- _TASK INSTRUCTIONS_: All of the data, word for word and free of pictures, is the expected result.

- _DATASET EXCERPT_:
####
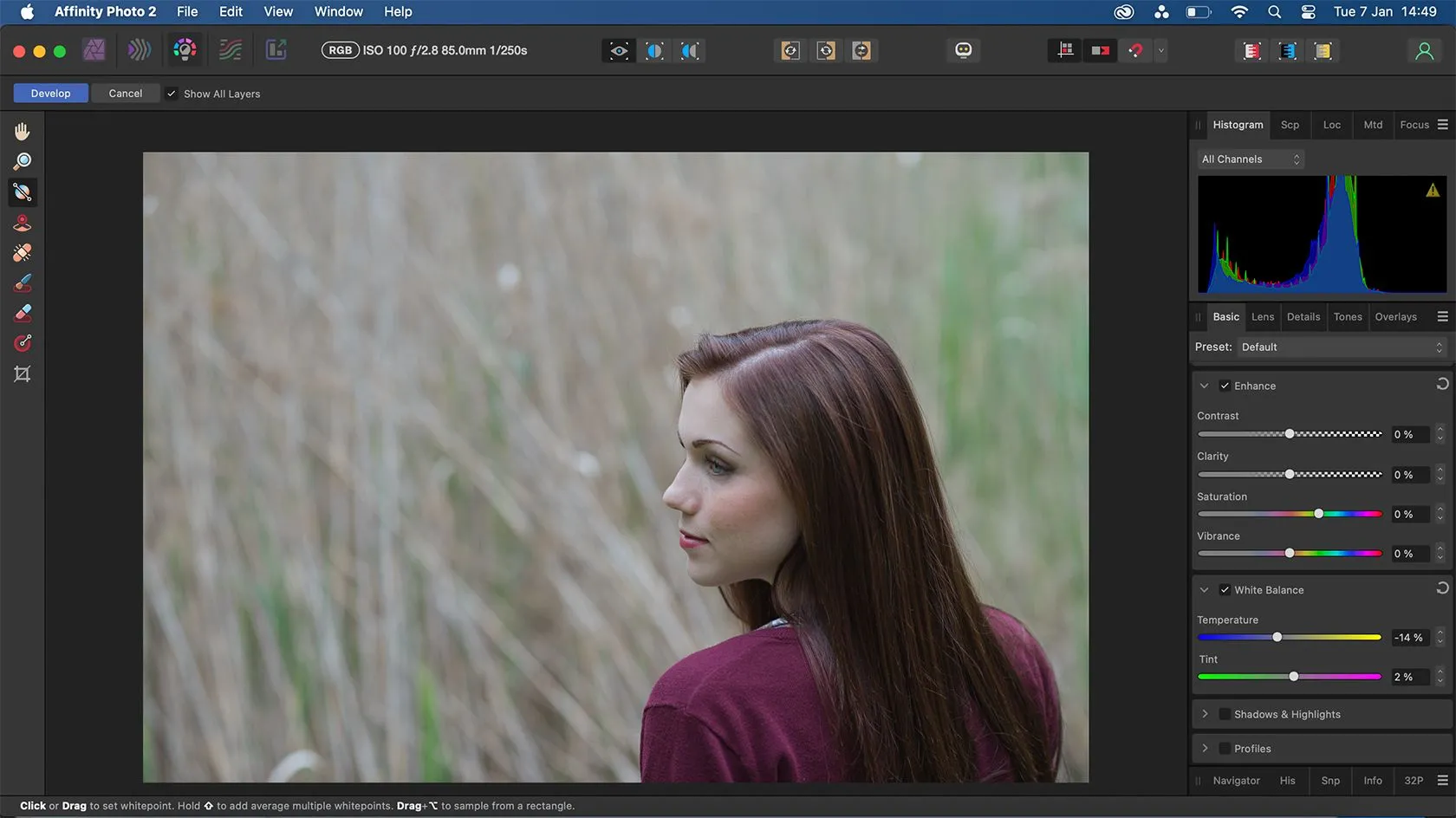 Chỉnh sửa ảnh RAW trong Affinity Photo qua Develop Persona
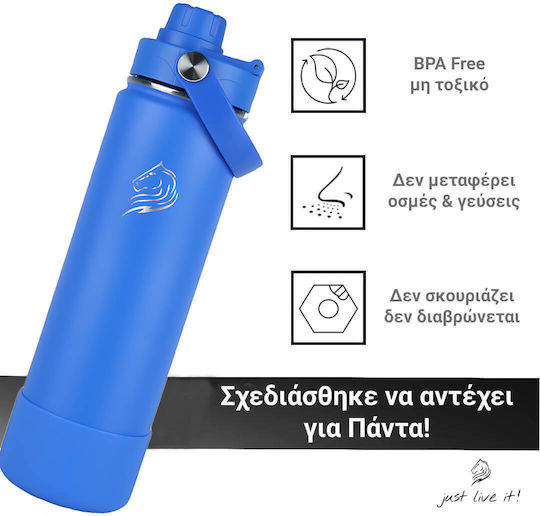 Cool'NMore Μπουκάλι Θερμός Ανοξείδωτο BPA Free 750ml Royal Blue με Επιστόμιο, Θηλιά, Καλαμάκι και Λαβή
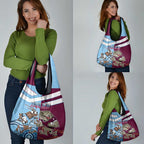 Custom QLD Cane Toad and NSW Cockroach Grocery Bag Aboriginal Inspired Together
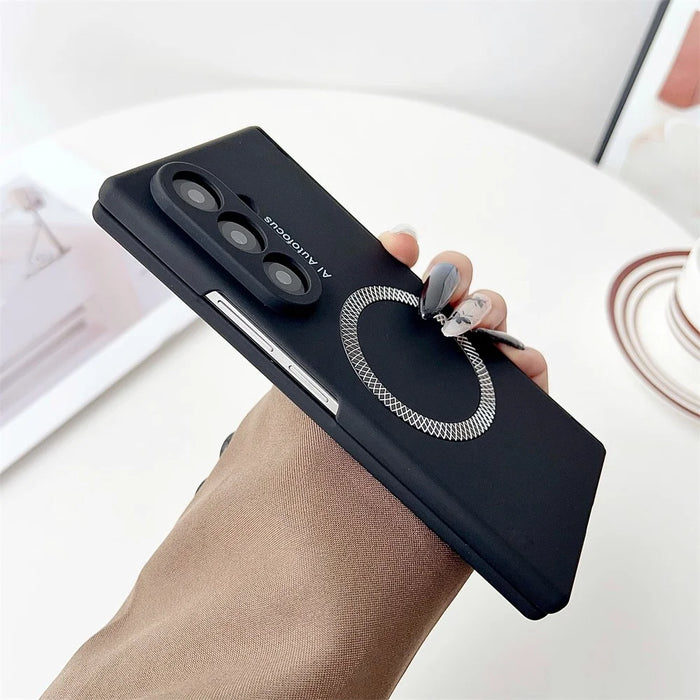 For Samsung Galaxy Z Fold7 5G Magnetic Case Hinge Protection Hard PC Phone Cover - Black - 5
####
- _COMPLETED TASK_:
 Chỉnh sửa ảnh RAW trong Affinity Photo qua Develop Persona
 Cool'NMore Μπουκάλι Θερμός Ανοξείδωτο BPA Free 750ml Royal Blue με Επιστόμιο, Θηλιά, Καλαμάκι και Λαβή
 Custom QLD Cane Toad and NSW Cockroach Grocery Bag Aboriginal Inspired Together
 For Samsung Galaxy Z Fold7 5G Magnetic Case Hinge Protection Hard PC Phone Cover - Black - 5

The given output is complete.